Inception was a colossal strain on my attention span , as was director Chris Nolan's previous film The Dark Knight.
Both the films were well mounted and the available budgets were well
used--as they say, you could "see the money on the screen"--but Nolan
mistakes plot confusion and ambiguity for some variant of poetic
ellipsis; some issues are unresolved, or forgotten about, it seems, as
the crowded confines of I and DK pile on the dialogue,
the mid-chase explanations, the chaotic , jagged cuts between parallel
scenes. The plot concerns of Inception are the stuff that made Phillip
K.Dick such a brilliant, if harried science fiction writer; Leonardo
DiCaprio as a high tech industrial spy who has the skill and technology
to enter a subject's mind during sleep and extract professional secrets
for business rivals. The problematic point , though, is that he's
haunted by the death of his wife, who's image keeps appearing in the
dreamscape he and his team construct to fool the sleeping subject. She
is the ghost that follows the team leader in whatever scenario he
concocts-- her appearences no good.
Nor do they bode well
for cohesive story telling; after a splendid first thirty minutes in
which the viewer is landed in the middle of the action--a tasty
variation of the James Bond tuxedo-ed assassin ploy--the film chokes on
back stories, flashbacks, and stretches of dialogue that seek to
contextualize the hurried scenes.
Had the film been a
leaner, less cluttered tale, attempting, as it does, the sort of
convoluted layering a competent commercial novel might have, Inception
might have been an intelligent adventure film: issues of love, morality,
political economy, redemption could have been discussed in conjunction
with concurrent action. The abstract (a conventional set of ethical
challenges , really) would have been realized cogently in the narrative
flow. The movie, though, stops again and again and yet again with a
flashback, an extended pause in the momentum, so DiCaprio can discuss
his feelings, make a another emotional breakthrough.

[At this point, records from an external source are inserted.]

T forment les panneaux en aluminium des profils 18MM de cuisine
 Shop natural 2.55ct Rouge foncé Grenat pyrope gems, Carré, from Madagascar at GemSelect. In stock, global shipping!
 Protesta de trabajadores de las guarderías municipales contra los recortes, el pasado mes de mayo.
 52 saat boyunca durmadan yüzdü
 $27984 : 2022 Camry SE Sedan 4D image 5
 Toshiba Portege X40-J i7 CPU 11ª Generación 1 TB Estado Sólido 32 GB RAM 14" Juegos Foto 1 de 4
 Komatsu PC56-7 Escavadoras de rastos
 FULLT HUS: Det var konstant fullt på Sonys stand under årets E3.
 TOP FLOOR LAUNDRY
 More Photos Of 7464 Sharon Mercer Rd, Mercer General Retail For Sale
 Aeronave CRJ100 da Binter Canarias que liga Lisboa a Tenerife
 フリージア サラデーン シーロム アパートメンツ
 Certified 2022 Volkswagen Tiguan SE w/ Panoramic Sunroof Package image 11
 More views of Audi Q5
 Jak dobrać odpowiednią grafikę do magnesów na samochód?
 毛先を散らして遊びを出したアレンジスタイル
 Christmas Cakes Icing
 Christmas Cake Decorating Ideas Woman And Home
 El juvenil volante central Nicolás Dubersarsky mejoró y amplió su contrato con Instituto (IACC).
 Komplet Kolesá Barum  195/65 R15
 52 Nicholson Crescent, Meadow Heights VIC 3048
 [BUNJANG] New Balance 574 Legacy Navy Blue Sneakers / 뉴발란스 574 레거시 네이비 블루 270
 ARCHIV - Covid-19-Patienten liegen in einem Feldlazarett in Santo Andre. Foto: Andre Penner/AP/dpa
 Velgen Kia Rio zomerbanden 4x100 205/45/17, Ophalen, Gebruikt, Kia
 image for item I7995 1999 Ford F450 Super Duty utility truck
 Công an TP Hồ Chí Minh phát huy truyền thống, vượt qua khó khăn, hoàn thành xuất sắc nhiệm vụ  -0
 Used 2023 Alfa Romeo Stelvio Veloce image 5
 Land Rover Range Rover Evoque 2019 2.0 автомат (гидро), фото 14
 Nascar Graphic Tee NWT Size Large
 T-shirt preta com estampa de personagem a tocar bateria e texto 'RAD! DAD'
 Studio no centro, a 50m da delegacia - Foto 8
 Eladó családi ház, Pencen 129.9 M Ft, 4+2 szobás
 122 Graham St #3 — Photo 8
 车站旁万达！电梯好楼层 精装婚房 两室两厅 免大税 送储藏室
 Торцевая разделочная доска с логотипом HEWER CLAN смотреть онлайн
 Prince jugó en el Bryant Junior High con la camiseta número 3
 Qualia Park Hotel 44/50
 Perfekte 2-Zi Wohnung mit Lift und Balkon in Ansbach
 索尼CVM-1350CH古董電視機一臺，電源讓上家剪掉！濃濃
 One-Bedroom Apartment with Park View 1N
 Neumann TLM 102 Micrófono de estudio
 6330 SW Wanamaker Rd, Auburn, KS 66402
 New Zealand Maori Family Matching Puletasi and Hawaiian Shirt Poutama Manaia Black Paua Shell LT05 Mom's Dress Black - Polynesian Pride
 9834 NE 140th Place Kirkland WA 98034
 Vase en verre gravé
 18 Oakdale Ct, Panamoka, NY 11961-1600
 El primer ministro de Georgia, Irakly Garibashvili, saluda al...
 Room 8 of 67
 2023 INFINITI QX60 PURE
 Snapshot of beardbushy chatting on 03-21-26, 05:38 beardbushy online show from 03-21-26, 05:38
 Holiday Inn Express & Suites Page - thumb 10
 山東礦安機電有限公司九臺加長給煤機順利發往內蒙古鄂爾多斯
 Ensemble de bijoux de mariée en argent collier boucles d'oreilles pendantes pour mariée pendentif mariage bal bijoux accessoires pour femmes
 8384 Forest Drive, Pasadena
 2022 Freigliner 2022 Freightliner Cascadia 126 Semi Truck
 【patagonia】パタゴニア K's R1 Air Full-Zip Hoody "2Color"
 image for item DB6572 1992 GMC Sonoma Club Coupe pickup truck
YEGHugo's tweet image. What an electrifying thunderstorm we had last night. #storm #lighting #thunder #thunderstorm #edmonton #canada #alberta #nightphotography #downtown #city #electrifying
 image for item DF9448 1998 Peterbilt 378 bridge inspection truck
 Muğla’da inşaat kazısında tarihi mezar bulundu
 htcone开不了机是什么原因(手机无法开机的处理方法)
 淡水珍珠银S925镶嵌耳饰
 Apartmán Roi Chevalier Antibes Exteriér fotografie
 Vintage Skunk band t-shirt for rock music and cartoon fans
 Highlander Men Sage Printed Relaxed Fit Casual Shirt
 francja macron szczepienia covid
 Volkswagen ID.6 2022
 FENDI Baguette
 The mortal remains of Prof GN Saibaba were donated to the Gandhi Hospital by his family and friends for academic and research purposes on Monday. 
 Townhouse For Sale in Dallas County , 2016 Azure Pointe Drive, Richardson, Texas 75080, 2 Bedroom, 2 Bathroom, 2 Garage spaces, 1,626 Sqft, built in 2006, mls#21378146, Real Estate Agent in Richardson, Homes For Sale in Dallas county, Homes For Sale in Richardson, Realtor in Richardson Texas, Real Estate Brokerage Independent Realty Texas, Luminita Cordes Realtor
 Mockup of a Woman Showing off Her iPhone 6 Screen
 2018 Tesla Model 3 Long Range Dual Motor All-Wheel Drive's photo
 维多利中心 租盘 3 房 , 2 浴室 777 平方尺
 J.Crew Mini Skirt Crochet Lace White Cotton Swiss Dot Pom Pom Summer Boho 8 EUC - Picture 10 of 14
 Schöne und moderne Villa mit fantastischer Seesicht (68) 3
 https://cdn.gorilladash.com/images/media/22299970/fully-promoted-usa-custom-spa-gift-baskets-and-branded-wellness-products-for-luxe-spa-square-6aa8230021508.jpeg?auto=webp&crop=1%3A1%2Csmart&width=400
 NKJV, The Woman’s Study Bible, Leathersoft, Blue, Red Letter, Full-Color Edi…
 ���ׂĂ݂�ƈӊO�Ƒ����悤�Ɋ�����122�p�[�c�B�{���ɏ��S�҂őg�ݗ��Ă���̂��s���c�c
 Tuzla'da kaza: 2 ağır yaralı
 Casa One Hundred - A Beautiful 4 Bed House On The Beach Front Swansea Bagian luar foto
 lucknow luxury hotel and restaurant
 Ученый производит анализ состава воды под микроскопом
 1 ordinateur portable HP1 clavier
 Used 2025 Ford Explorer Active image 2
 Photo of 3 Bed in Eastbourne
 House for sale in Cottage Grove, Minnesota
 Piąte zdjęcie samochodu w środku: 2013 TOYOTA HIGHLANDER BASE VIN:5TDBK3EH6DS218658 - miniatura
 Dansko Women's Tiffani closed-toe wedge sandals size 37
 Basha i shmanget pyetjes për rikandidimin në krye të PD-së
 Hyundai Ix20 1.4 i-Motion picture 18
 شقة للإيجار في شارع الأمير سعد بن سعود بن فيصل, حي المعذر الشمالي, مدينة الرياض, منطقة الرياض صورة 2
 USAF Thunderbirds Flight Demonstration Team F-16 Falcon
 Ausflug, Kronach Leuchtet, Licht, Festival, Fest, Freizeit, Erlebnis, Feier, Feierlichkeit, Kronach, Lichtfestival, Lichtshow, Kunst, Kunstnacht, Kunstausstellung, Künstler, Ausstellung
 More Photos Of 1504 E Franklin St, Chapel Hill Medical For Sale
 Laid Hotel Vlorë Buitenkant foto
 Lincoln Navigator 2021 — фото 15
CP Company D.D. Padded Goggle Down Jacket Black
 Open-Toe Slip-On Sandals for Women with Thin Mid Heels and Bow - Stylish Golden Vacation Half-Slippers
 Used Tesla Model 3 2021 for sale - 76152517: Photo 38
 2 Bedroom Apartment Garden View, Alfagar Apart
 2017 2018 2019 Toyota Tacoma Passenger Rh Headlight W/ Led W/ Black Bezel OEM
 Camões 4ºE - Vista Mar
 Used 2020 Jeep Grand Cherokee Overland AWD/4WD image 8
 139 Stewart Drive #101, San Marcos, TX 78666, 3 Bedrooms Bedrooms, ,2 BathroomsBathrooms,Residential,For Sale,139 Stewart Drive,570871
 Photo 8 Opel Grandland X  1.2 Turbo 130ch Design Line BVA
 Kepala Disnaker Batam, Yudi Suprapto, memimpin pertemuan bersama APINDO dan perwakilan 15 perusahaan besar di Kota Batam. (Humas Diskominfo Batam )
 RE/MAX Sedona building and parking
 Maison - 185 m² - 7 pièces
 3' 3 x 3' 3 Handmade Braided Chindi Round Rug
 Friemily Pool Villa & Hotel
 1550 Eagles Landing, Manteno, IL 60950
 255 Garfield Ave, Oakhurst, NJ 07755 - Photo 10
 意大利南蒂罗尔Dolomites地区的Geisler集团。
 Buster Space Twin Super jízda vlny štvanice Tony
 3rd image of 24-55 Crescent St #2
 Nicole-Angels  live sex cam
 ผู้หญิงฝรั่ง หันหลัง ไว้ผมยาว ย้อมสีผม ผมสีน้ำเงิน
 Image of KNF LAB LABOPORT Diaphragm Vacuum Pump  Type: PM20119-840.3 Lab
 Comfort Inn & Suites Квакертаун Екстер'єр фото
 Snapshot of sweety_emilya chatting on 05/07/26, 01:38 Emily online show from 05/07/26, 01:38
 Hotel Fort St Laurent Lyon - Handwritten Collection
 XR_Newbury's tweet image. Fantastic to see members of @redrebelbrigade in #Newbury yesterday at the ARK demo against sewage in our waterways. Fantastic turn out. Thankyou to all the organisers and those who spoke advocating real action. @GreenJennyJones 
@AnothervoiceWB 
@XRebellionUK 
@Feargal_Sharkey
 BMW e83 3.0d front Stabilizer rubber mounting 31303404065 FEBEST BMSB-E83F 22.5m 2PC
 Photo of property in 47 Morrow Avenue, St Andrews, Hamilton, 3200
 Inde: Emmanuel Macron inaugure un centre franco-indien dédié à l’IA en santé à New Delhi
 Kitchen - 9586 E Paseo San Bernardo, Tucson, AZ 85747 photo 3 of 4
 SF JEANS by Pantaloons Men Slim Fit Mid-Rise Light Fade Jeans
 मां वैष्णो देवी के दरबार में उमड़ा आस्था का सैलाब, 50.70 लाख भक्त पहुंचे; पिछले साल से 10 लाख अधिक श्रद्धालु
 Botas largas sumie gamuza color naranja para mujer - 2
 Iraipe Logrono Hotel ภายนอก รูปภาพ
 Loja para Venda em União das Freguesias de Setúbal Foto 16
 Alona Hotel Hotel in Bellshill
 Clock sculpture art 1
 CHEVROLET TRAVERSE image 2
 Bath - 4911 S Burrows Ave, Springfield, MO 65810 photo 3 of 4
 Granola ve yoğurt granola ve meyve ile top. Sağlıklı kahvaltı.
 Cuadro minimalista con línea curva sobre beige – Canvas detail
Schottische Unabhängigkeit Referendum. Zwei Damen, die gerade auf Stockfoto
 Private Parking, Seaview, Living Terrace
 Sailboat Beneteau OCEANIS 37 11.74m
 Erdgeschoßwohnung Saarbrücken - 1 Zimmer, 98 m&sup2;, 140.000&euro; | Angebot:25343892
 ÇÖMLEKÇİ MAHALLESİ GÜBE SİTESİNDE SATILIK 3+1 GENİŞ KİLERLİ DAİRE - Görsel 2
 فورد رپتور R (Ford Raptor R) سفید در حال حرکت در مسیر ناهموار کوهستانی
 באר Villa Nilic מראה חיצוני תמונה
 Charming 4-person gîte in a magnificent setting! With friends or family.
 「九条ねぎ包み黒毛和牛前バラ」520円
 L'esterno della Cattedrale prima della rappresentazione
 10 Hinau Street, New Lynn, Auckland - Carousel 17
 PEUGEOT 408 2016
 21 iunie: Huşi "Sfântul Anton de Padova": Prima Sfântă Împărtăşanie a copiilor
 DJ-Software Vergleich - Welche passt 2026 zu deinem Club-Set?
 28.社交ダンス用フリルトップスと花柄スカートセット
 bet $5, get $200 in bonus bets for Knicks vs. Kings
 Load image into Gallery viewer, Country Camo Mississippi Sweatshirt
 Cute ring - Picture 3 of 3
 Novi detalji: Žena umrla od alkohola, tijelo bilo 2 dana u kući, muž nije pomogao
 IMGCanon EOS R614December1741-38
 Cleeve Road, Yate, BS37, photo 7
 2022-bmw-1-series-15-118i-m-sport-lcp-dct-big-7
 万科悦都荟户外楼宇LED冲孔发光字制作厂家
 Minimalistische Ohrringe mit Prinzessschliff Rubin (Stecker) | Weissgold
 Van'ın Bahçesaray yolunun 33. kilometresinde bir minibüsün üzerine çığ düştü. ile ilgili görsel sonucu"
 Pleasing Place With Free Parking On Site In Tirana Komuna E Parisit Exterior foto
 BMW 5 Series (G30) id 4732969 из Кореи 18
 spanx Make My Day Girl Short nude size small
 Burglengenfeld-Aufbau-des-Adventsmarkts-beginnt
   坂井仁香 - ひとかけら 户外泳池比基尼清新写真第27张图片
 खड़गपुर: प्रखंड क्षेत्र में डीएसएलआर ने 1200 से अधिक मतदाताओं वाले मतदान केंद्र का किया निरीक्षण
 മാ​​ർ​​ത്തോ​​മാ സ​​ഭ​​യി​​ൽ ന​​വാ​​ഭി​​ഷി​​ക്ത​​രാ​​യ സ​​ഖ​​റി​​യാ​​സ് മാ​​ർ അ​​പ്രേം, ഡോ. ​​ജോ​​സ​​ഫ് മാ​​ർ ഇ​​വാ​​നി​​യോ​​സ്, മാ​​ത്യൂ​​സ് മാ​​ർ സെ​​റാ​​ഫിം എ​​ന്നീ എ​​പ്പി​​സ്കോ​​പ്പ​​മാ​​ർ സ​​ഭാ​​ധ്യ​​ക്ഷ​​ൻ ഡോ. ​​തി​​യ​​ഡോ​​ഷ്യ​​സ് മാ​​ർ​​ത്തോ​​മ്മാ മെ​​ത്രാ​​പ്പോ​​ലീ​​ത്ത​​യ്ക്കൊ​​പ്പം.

Confusion and ambiguity were the working idea behind Momento,
and to the degree that Nolan conceived his idea and worked through the
variations of a memory-impaired man attempting to advance a plan of
vengence in a present he couldn't keep in mind, it worked splendidly,
wonderfully. The film had an ironic twist--a real one, not one of those
cookie cutter conclusions that wallow in the irresolution of a
conflict--which made the fractured plot coherent, finally,and
illustrated consequences beyond what the hero or the villians could
imagine.The various scenarios at play in Inception, though were, of
themselves , simple enough, but Nolan's problem was pacing and, sorry to
say, the inability to make the characters connect with a believable
emotion. The film was rather frantically edited , and the cutting
between the three dreamscapes in the last third of the film were long in
duration. The effect on this viewer was a loss of interest in a mission
who's impetus was more hysterical than urgent.
All this
makes Christopher Nolan a lead-footed action director who is intent on
turning the pleasures of pulp genres into think pieces and talky
existential dioramas. Economy is the key, of course, and decisiveness is
the quality needed the most; conviction about the genre your using to
get your narrative ideas across. A fresh idea would have helped ,
though, or at least a fresh approach on using old ones; Inception has
deep echos of The Matrix, Heat and Solaris during it's
length, the result being an interesting, if tedious distortion of what
seems to have started out as an interesting idea.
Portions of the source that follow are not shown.